取引先への支払いサイトが短く、資金繰りに悩んでいる担当者は多いはずです。
一方で、仕入れや外注費などの請求書は現金や振込で支払うのが当たり前だと考えていませんか。
請求書カード払いを活用すれば、本来カード決済に対応していない取引先への支払いもクレジットカードで決済でき、支払い期日を実質的に延長しながらポイント還元も期待できます。
この記事では、請求書カード払いの基本的な仕組みから、導入メリット・デメリット、導入までの流れ、サービス選定のポイントまでわかりやすく解説します。
資金繰りの改善やバックオフィス業務の効率化を検討している方は、ぜひ参考にしてください。
請求書カード払いとは

請求書カード払いとは、銀行振込指定の請求書をクレジットカードで支払える仕組みです。
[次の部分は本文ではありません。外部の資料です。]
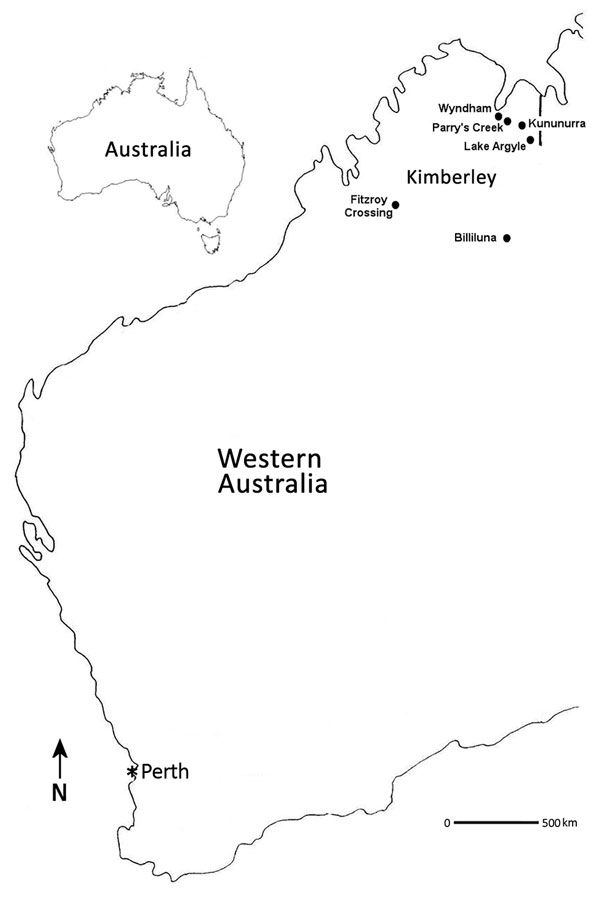 Locations where Fitzroy River virus–positive mosquitoes were collected (black dots), Western Australia, Australia, 2011 and 2012. Perth (asterisk), the capital city and most densely populated area of Western Australia, is shown to indicate its distance from the Kimberley region. 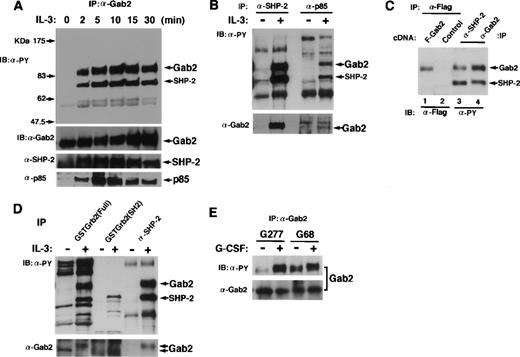 Fig. 3. Gab2 associates with SHP-2 and PI-3 kinase. (A) BAF-B03 cells were stimulated with IL-3 for the indicated periods of time. Proteins were immunoprecipitated with an anti-Gab2 antibody, separated on an SDS-polyacrylamide gel, and subjected to immunoblotting with anti-phosphotyrosine, anti-Gab2, anti-SHP-2, and anti-p85 PI-3 kinase antibodies. The locations of Gab2, SHP-2, and p85 are indicated by arrows. (B) BAF-B03 cells were stimulated with IL-3 (+) or left unstimulated (−). Cell lysates were immunoprecipitated with anti–SHP-2 or anti-p85 PI-3 kinase antibodies and subjected to immunoblotting with anti-phosphotyrosine (upper panel) and anti-Gab2 (lower panel) antibodies. (C) 293T cells were transfected with an expression vector for Flag-tagged Gab2 (lane 1) or a control vector (lane 2), and cell lysates were immunoprecipitated with anti-Flag antibodies. Cell lysates from IL-3–stimulated BAF-B03 cells were immunoprecipitated with anti-SHP-2 (lane 3) or anti-Gab2 (lane 4) antibodies. The immunoprecipitates were separated on the same SDS-polyacrylamide gel. The anti-Flag, anti-SHP-2, and anti-Gab2 immunoprecipitates were analyzed by immunoblotting with anti-Flag and anti-phosphotyrosine antibodies, respectively. (D) Cell lysates from BAF-B03 cells that were stimulated or unstimulated with IL-3 were mixed with GST fusion proteins containing the entire coding fragment (Full) or the SH2 domain of Grb2. GST fusion protein-bound fractions were isolated by glutathione sepharose and subjected to immunoblotting with anti-phosphotyrosine (upper panel) and anti-Gab2 (lower panel) antibodies. Anti-SHP-2 immunoprecipitates were also analyzed in the same membrane. Note that the slower migrating form of Gab2 is the tyrosine-phosphorylated form. (E) BAF-B03 cells expressing the chimeric receptor G277 (containing the entire cytoplasmic domain) or G68 (containing 68 amino acids from the membrane region) were stimulated with G-CSF (+) or left unstimulated (−), and immunoprecipitated Gab2 proteins were subjected to immunoblotting with anti-phosphotyrosine (upper panel) and anti-Gab2 (lower panel) antibodies.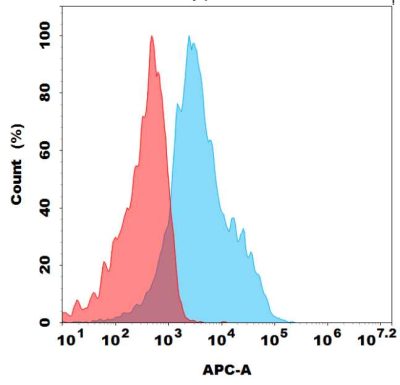 antibody-dme100204b cd73 fc1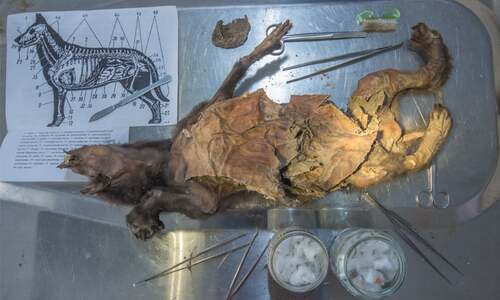 Scientists recover genome from woolly rhino eaten by Ice Age wolf Scientists recover genome from woolly rhino eaten by Ice Age wolf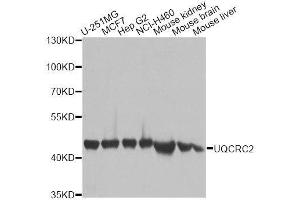 Western blot analysis of extracts of various cell lines, using UQCRC2 antibody. (UQCRC2 antibody  (AA 224-453))
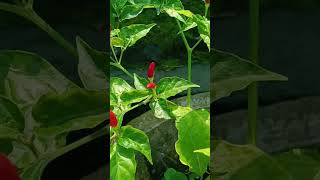 കാന്താരി മുളക് birds eye chillicapsicum frutescenssolanaceae familytrending shotviral [upl. by Oiruam827]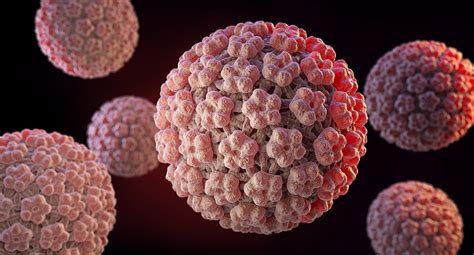 what type of virus is hpv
通常、請求書の支払いは現金または銀行振込で行うのが一般的ですが、請求書カード払いを利用すれば、振込ではなくカード決済に切り替えられます。
利用者がカード決済を行うと、請求書カード払いサービスの運営会社が利用者に代わって取引先へ銀行振込を実行するため、取引先側は従来どおり入金を受け取る形になります。
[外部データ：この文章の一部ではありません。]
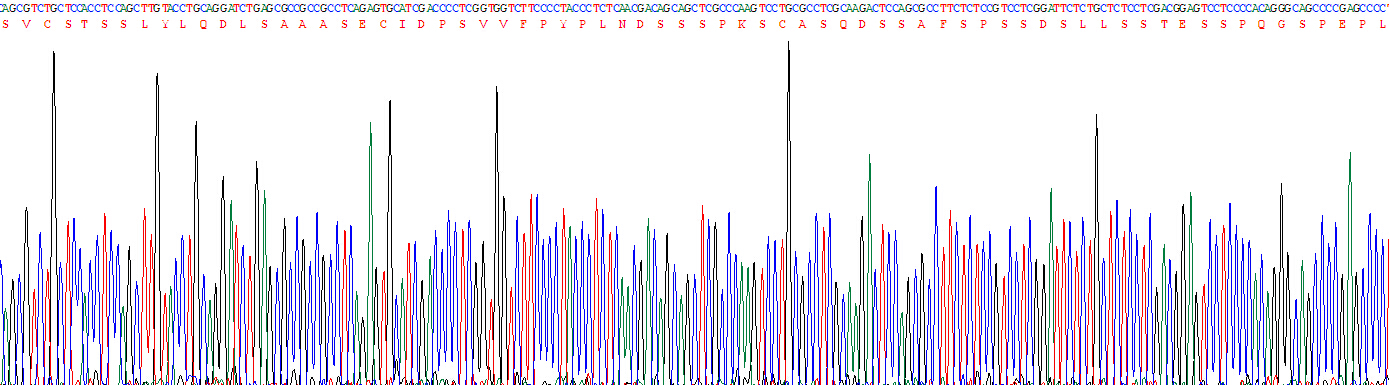 Recombinant V-Myc Myelocytomatosis Viral Oncogene Homolog (MYC)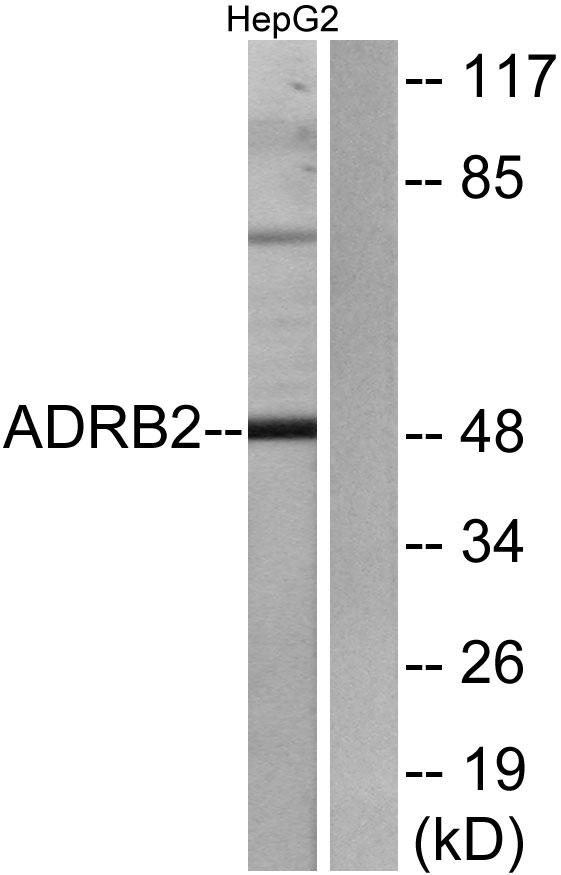 ADRB2 Antibody - Western blot analysis of extracts from HepG2 cells, using ADRB2 antibody.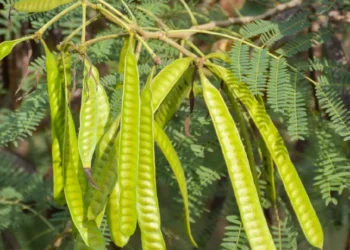 Petai Belalang: Khazanah Biodiversiti sebagai Sumber Protein serta Makanan Berkhasiat Tinggi Masa Hadapan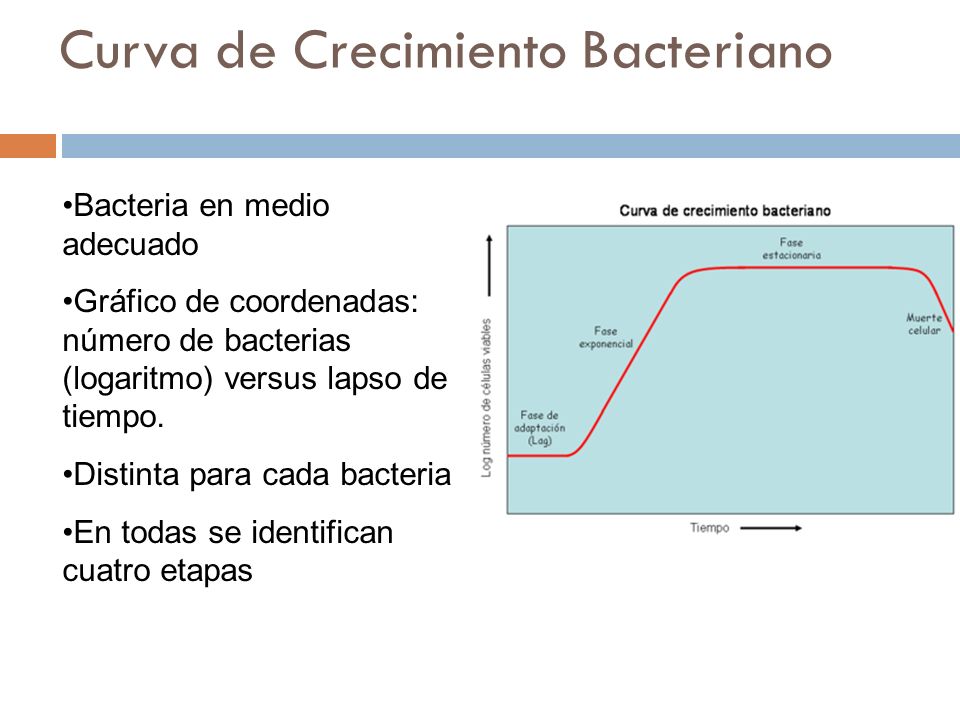 Curva de Crecimiento Bacteriano
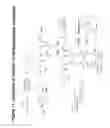 Fig. 72 - RNA interference mediated inhibition of gene expression using chemically modified short interfering nucleic acid (SINA)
取引先に対してカード決済で支払っているという事実が伝わることはなく、支払方法を変更せずに導入できる点が特長です。
この仕組みにより、実際の資金流出はクレジットカードの引落日にずれるため、支払い期日を実質的に後ろ倒しにできます。
現金での支払いに比べて手元資金を長く確保できるため、資金繰りの改善につながるでしょう。
また、振込作業や振込確認の手間が軽減されることで、経理業務の効率化も期待できます。
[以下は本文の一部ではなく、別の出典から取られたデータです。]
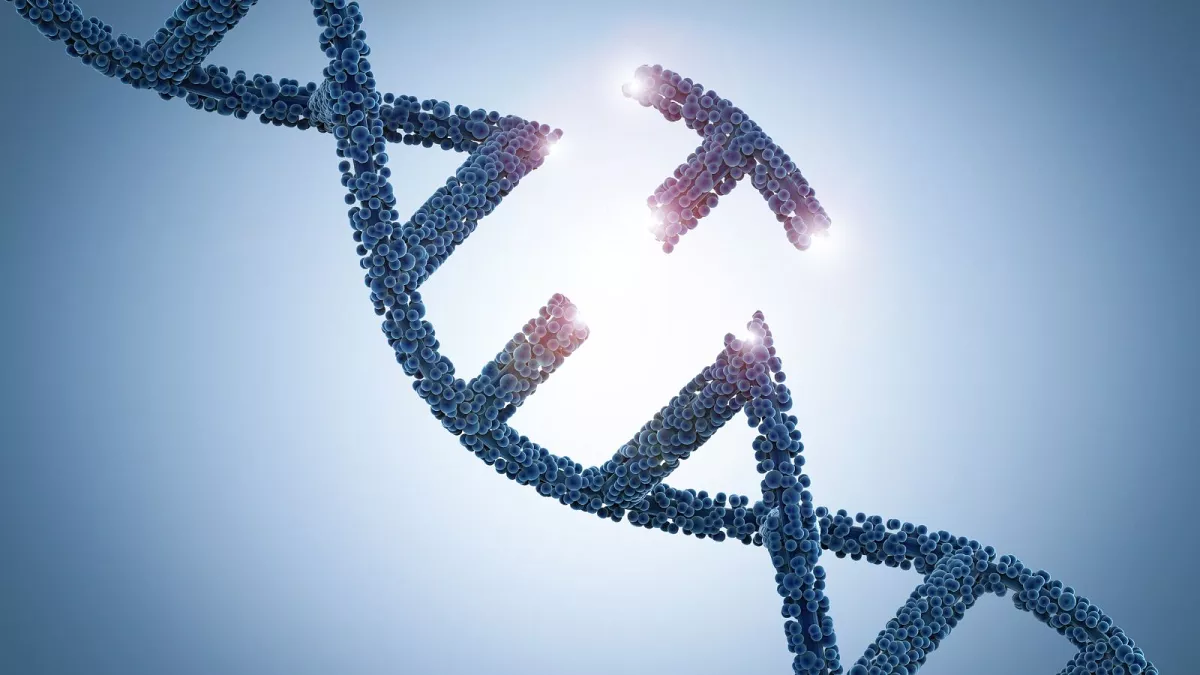 گوگل هوش مصنوعی AlphaGenome را برای پیش بینی جهش های ژنتیکی معرفی کرد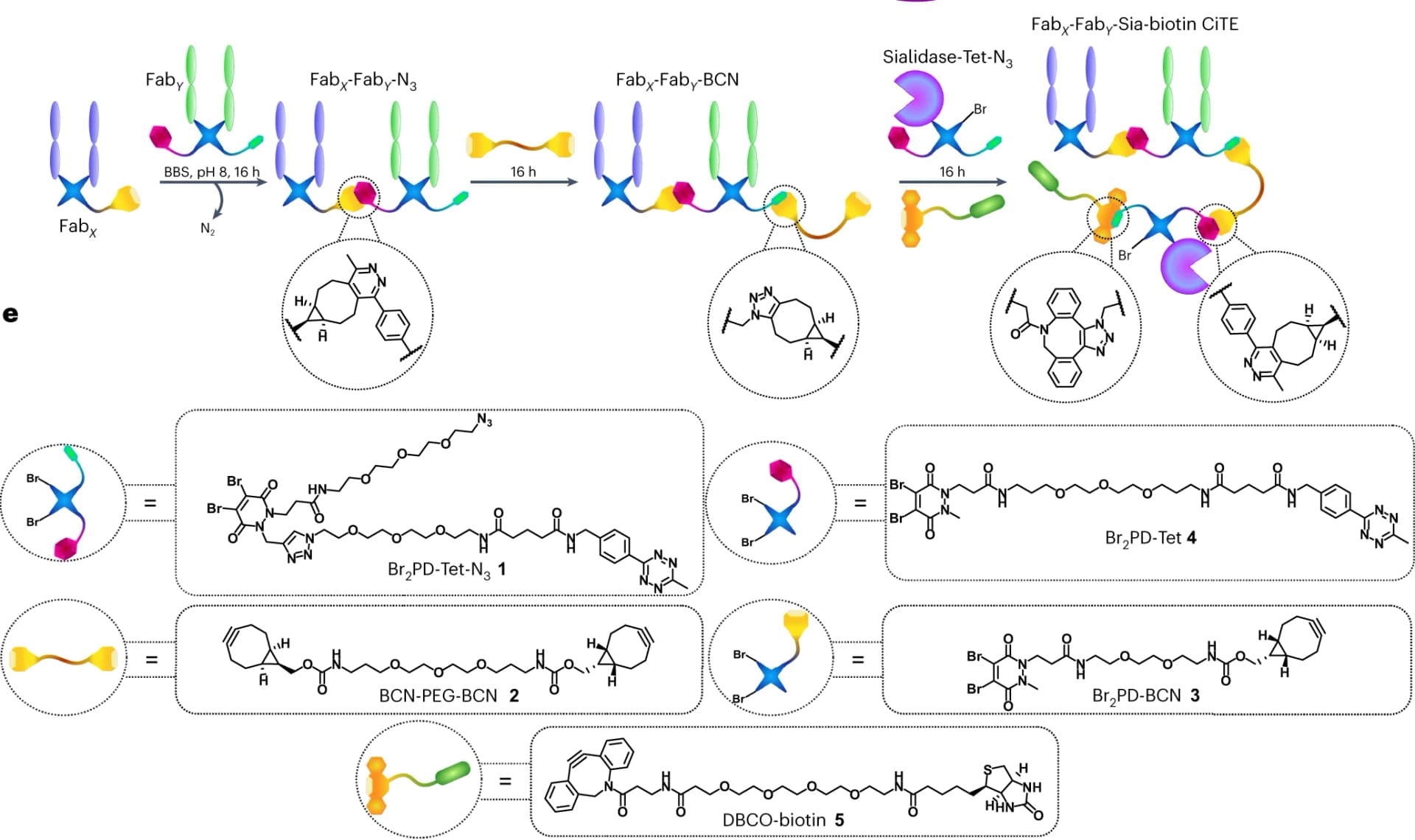 Open access visualization of Workflow, Illustration, CiTE, Protein Constructs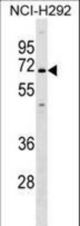 KCNN1 Antibody western blot of NCI-H292 cell line lysates (35 ug/lane). The KCNN1 antibody detected the KCNN1 protein (arrow).
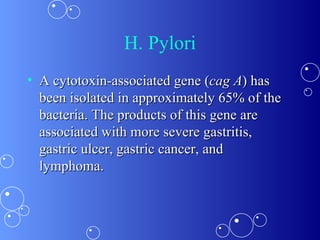 H. Pylori A cytotoxin-associated gene ( cag A ) has been isolated in approximately 65% of the bacteria. The products of this gene are associated with more severe gastritis, gastric ulcer, gastric cancer, and lymphoma.  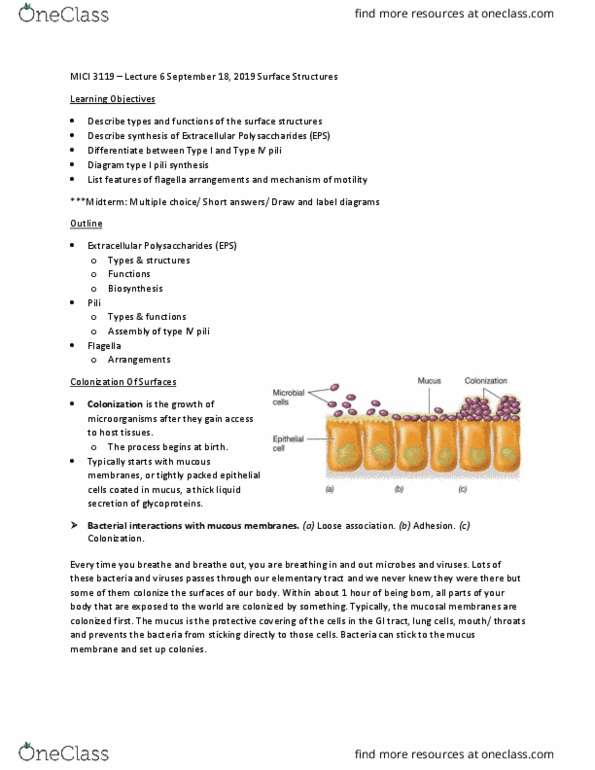 MICI 3119 Lecture Notes - Lecture 6: Polysaccharide, Glycoprotein, Multiple Choice thumbnail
請求書カード払いは、資金管理と業務効率の両面から事業運営を支援する決済手段です。
請求書カード払いの基本的な仕組み

請求書カード払いは、単に支払方法をクレジットカードに変える仕組みではありません。
カード決済と振込代行を組み合わせた構造により、現金を支払うことなく取引先への入金処理が完了します。
ここでは、請求書カード払いの具体的な流れや支払いの変化、取引先への影響、支払日の違いなど、仕組みの中身を詳しく解説します。
「カード決済+振込代行」
請求書カード払いの根幹となるのは、カード決済と振込代行の組み合わせです。
利用者が請求書の金額をクレジットカードで決済すると、請求書カード払いサービスの運営会社が、その金額を利用者に代わって取引先に銀行振込します。
利用者はカード会社へ後日支払いを行うだけで、取引先への対応は不要です。
これにより、銀行振込という行為自体は実行されますが、実際に振り込むのは利用者ではなく、サービス提供会社という独立した第三者になります。
支払い方法をカードに変えつつ、取引先側の受取方法は従来どおりという仕組みが成立します。
支払いはどう変わるか
請求書カード払いを利用すると、支払い方法は現金や銀行振込からクレジットカード決済に変わります。
請求書カード払いでは、取引先には通常の銀行振込として入金されますが、利用者はクレジットカードでサービス提供会社へ支払いを行います。
請求書の期日に現金を用意する必要がなくなり、クレジットカードの引落日にまとめて支払う形です。
そのため、支払いのタイミングをカード会社のサイクルに合わせて調整可能です。
現金支払いと違い、月ごとの資金管理がしやすくなり、複数の請求書も一括管理できます。
経理上はカード明細をもとに支払履歴を管理できるため、振込証明書を1件ずつ確認する必要もなくなります。
取引先に影響はあるか
請求書カード払いを利用しても、取引先が受け取るのは通常の銀行振込となるため、振込先が振込名義を自社にしてもらえる限りカード決済が使われている事実が通知されることはありません。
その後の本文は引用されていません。